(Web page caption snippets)
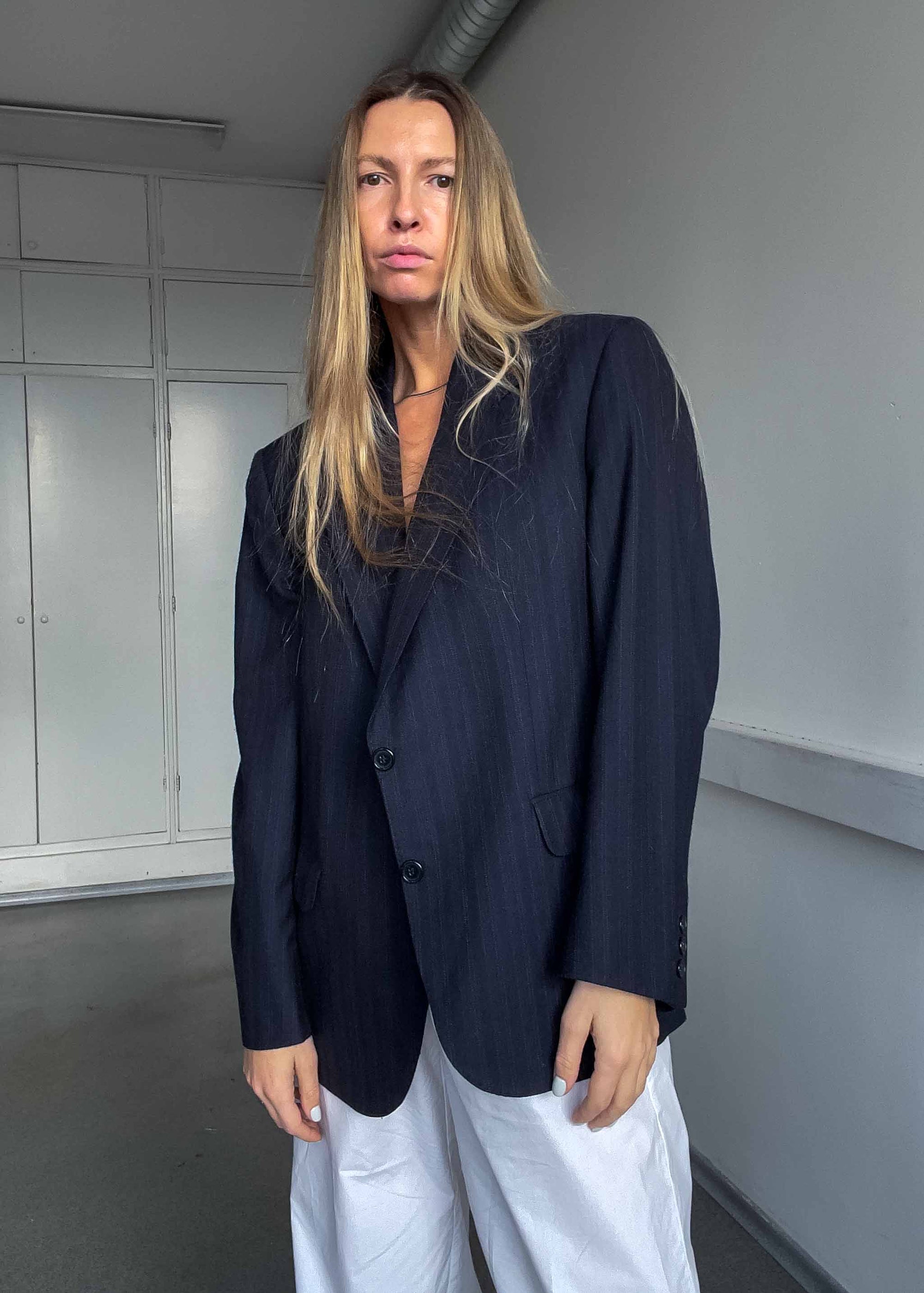 Vintage Navy Blue Striped Oversized Blazer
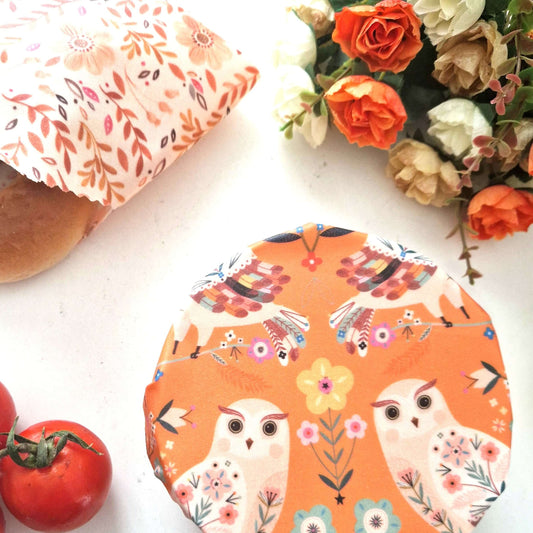 Honey Bee Good Set of 3 Handmade Beeswax Wraps | Owls
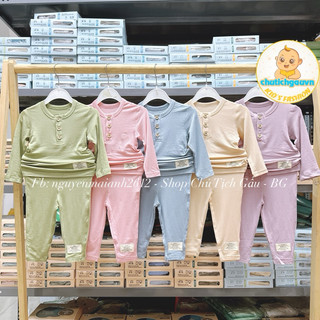 Hrnee bộ quần áo cổ trụ dài cho bé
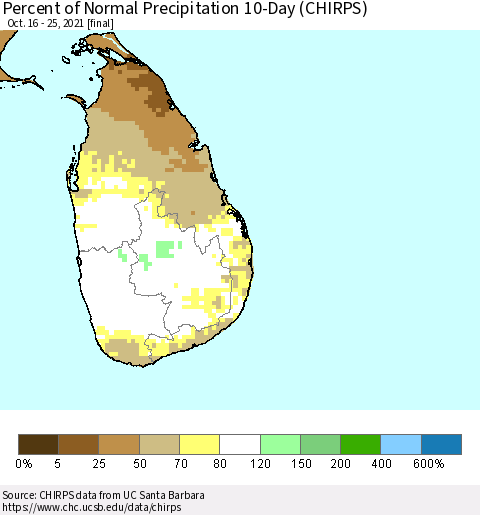 Sri Lanka Percent of Normal Precipitation 10-Day (CHIRPS) Thematic Map For 10/16/2021 - 10/25/2021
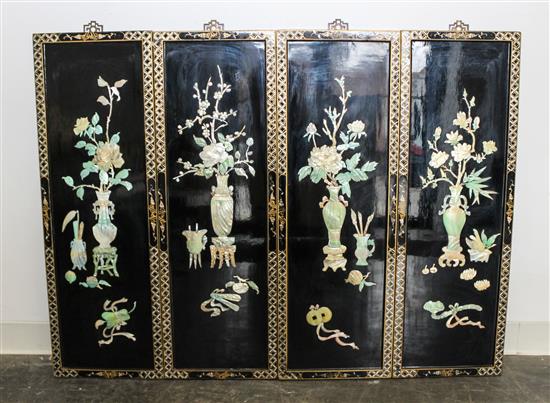 Appraisal: Sale Lot A Chinese Black Lacquered and Mother-of-Pearl Inlaid Four-Panel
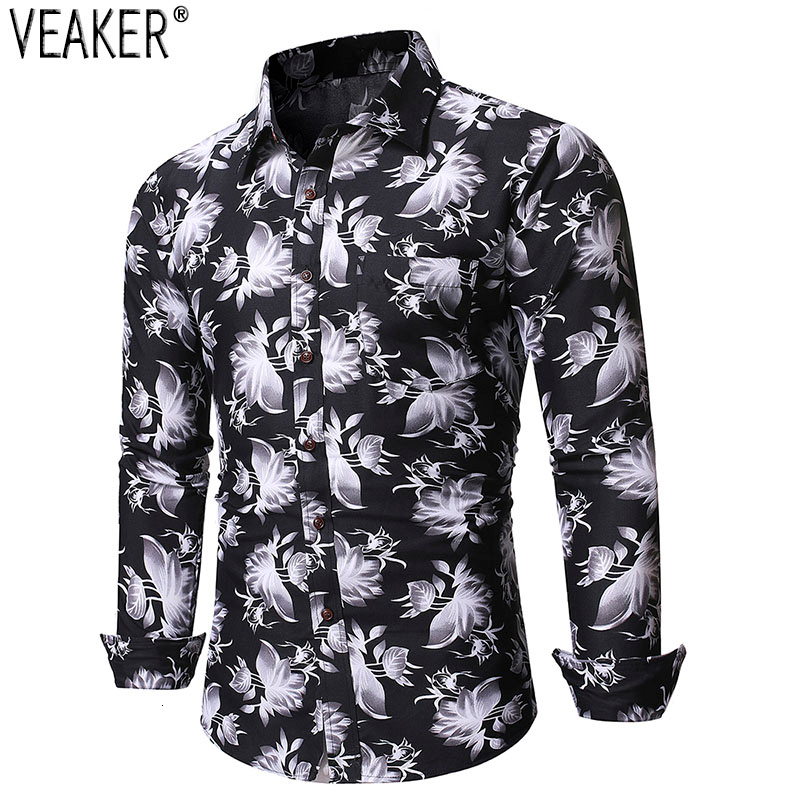Blommiga långärmade skjortor för män herr slim fit blommig skjorta höst basic toppar m -2xl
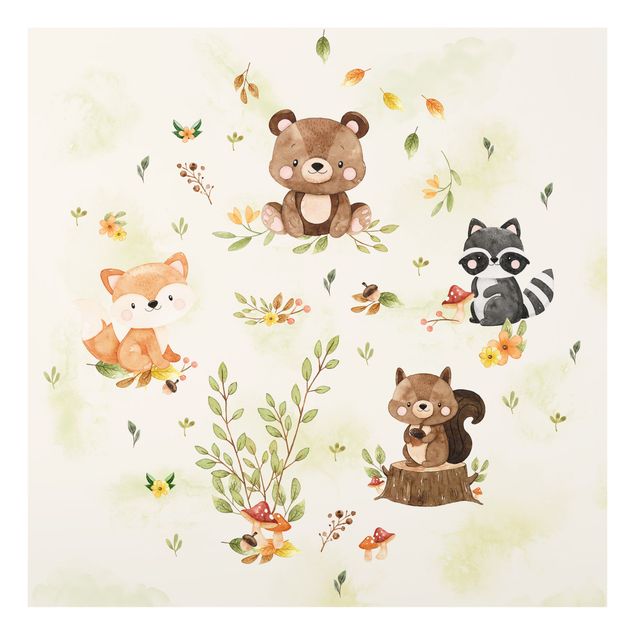 Tableau moderne Animaux de la forêt en automne Ours Écureuil Raton laveur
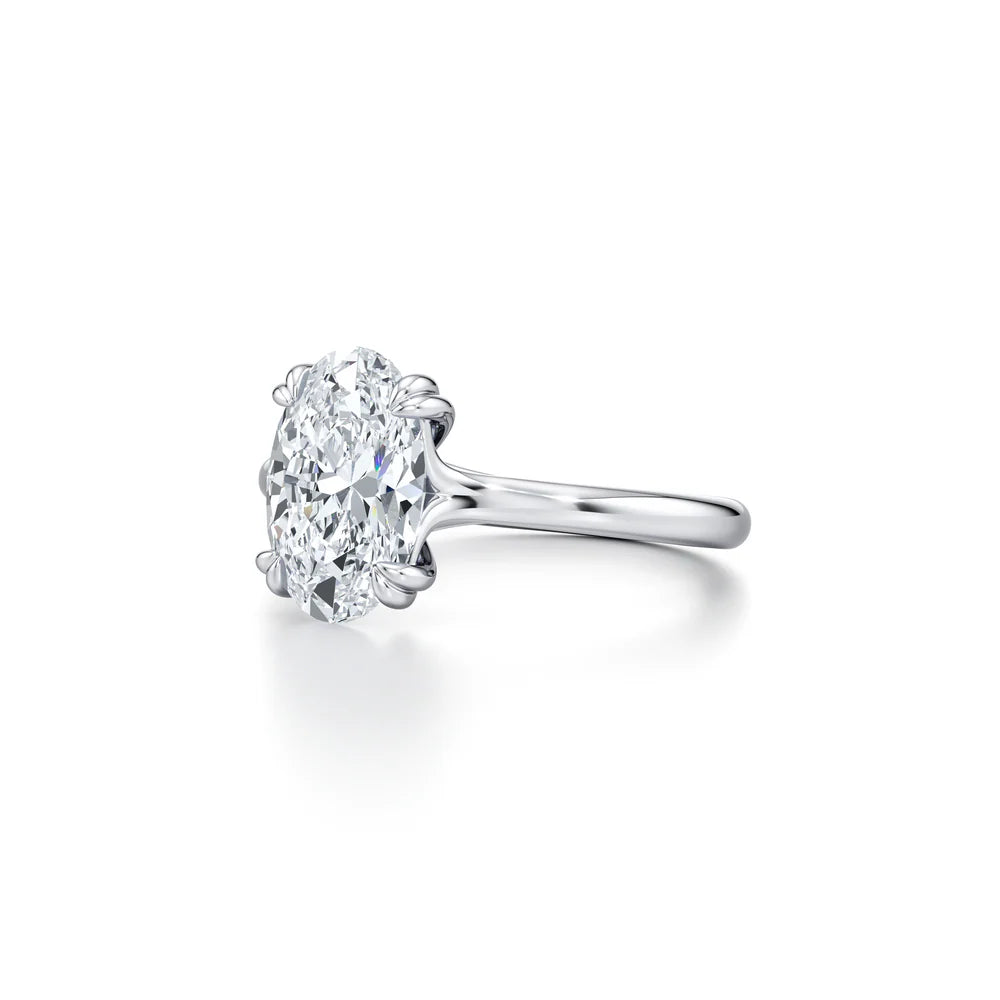 Common :: IGI certified 2.10ct oval diamond solitaire ring in gold detailed shot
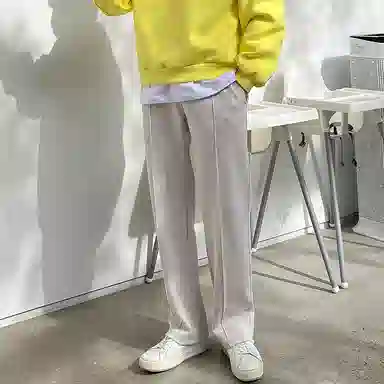 我是大卫 纯色简约垂感阔腿抽绳直筒休闲裤 男女同款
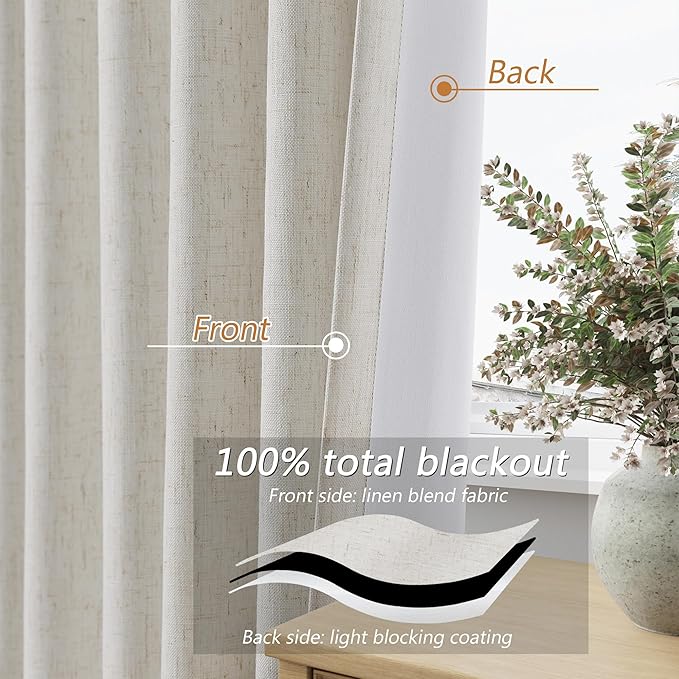 Guken Boho Blackout Curtains 72 Inch Length 2 Panels Set for Bedroom 100% Black Out Bohemian Drapes for Living Room Thermal Insulated Country Window Curtain with Back Tab Rod Pocket, 52x72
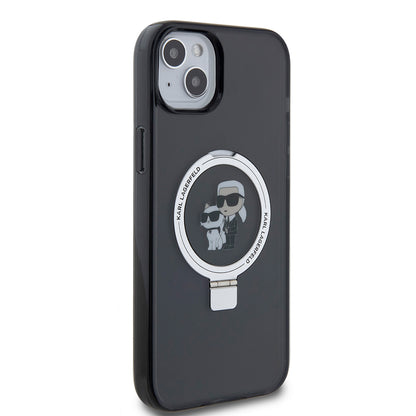 Funda para Apple iPhone 15 Plus, Karl Lagerfeld, Ringstand Karl & Choupette, Negra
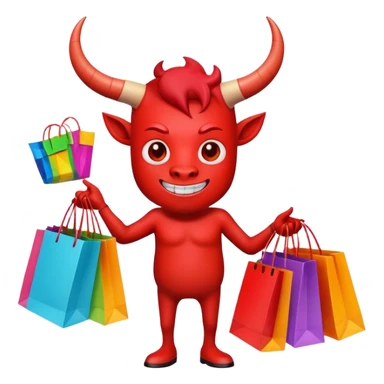 Red devil with horns carrying colorful shopping bags sticker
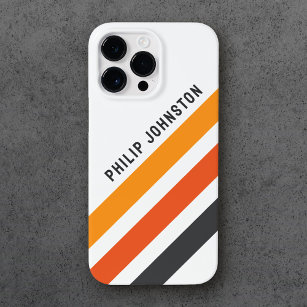 Gray and orange diagonal retro stripes white Case-Mate iPhone 14 pro max case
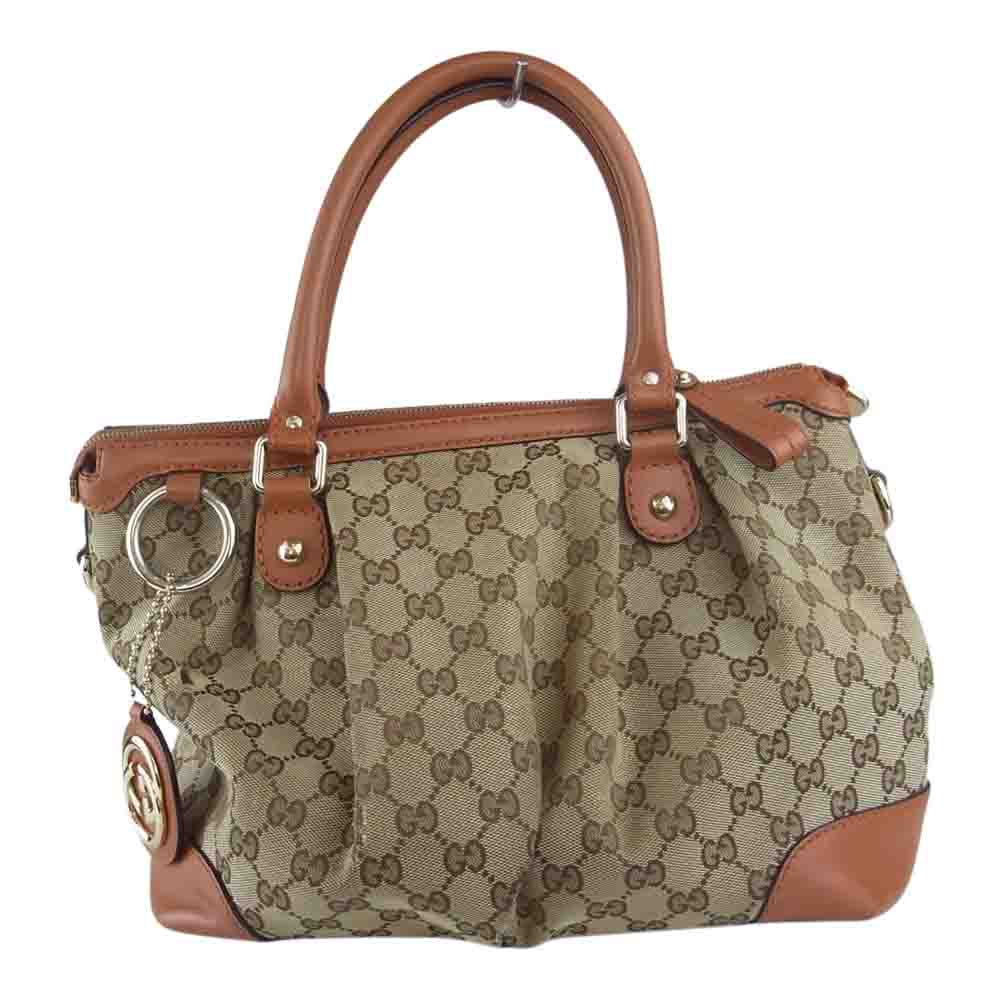 GUCCI グッチ 247902 002123  GG柄 2Way スーキー ディアマンテ キャンバス レザー ショルダー ハンド バッグ  ブラウン系【中古】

- Task statement -
This exercise calls for a verbatim output of the entries, pictures omitted.

- Solution to the problem -
 Vintage Navy Blue Striped Oversized Blazer
 Honey Bee Good Set of 3 Handmade Beeswax Wraps | Owls
 Hrnee bộ quần áo cổ trụ dài cho bé
 Sri Lanka Percent of Normal Precipitation 10-Day (CHIRPS) Thematic Map For 10/16/2021 - 10/25/2021
 Appraisal: Sale Lot A Chinese Black Lacquered and Mother-of-Pearl Inlaid Four-Panel
Blommiga långärmade skjortor för män herr slim fit blommig skjorta höst basic toppar m -2xl
 Tableau moderne Animaux de la forêt en automne Ours Écureuil Raton laveur
 Common :: IGI certified 2.10ct oval diamond solitaire ring in gold detailed shot
 我是大卫 纯色简约垂感阔腿抽绳直筒休闲裤 男女同款
 Guken Boho Blackout Curtains 72 Inch Length 2 Panels Set for Bedroom 100% Black Out Bohemian Drapes for Living Room Thermal Insulated Country Window Curtain with Back Tab Rod Pocket, 52x72
 Funda para Apple iPhone 15 Plus, Karl Lagerfeld, Ringstand Karl & Choupette, Negra
 Red devil with horns carrying colorful shopping bags sticker
 Gray and orange diagonal retro stripes white Case-Mate iPhone 14 pro max case
 GUCCI グッチ 247902 002123  GG柄 2Way スーキー ディアマンテ キャンバス レザー ショルダー ハンド バッグ  ブラウン系【中古】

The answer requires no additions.